Thousands of Kurdish protestors gathered in front of the Ahmet Kaya Cultural Centre in the 10th arrondissement of Paris on Saturday to march to the Place de la République to condemn Friday’s attack that left three people dead and three others wounded.
According to French authorities, a 69-year-old shooter with far-right links attacked the centre on Friday, while the Kurdish activists hold the Turkish state and the government responsible for the incident.
The Paris police chief met the members of the Kurdish community on Saturday ahead of the demonstration to alleviate their fears. Some left-wing politicians and anti-racist groups also joined Kurdish protestors condemning the attacks and demanding French authorities uncover the details of the murders.
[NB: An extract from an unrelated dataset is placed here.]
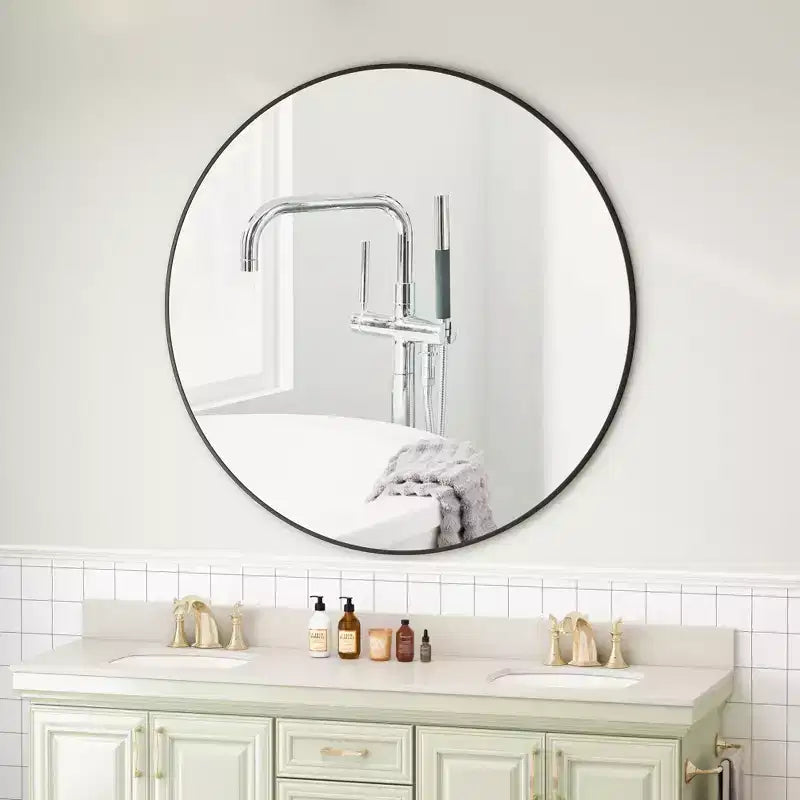 42 Miroir mural rond, encadrement métallique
The trauma of a similar attack in 2013 in Paris in which three female Kurdish activists, including a founder of the Kurdistan Workers’ Party (PKK), were killed resonates in today’s protests. Many Kurds are furious with French authorities, as the 2013 assassinations still remain unsolved, and are suspicious that an effective investigation will be conducted into Friday’s murders.
“Even if there is not a direct proof of a link between the killer and Turkey, or the Turkish President Recep Tayyip Erdoğan and the Turkish secret services, there is a general atmosphere created by Erdoğan who is threatening to invade Kurdish-controlled Rojava in Syria, who is considering Kurdish people as terrorists, and who is putting Kurdish politicians in jail,” said Media News correspondent Chris Den Hond, who joined Saturday’s protest.
Different politicians representing the whole political spectrum are calling on the French government to reveal the details of the attack through a much more serious investigation than the one carried out ten years ago, Den Hond said. French politicians are also demanding the government take a firmer stance against Erdoğan and Turkey’s aggressive policies, he said.
The gunman of the 2013 assassinations, Ömer Günay, was linked to the Turkish intelligence according to evidence uncovered mainly by the Kurdish media. Günay died in prison before his trial started and the legal process remained frozen since then.
The shooter from Friday’s attacks has previous records of attacks against migrants and was released on bail pending trial on 12 December. However, the previous incidents of the suspect are, to a large extent, low-profile compared to the attack on Friday.
The protest on Saturday was generally peaceful, apart from some clashes between activists and the police. The police again used tear gas to disperse some of those protestors as it did during the demonstration on Friday in front of the Ahmet Kaya Cultural Centre.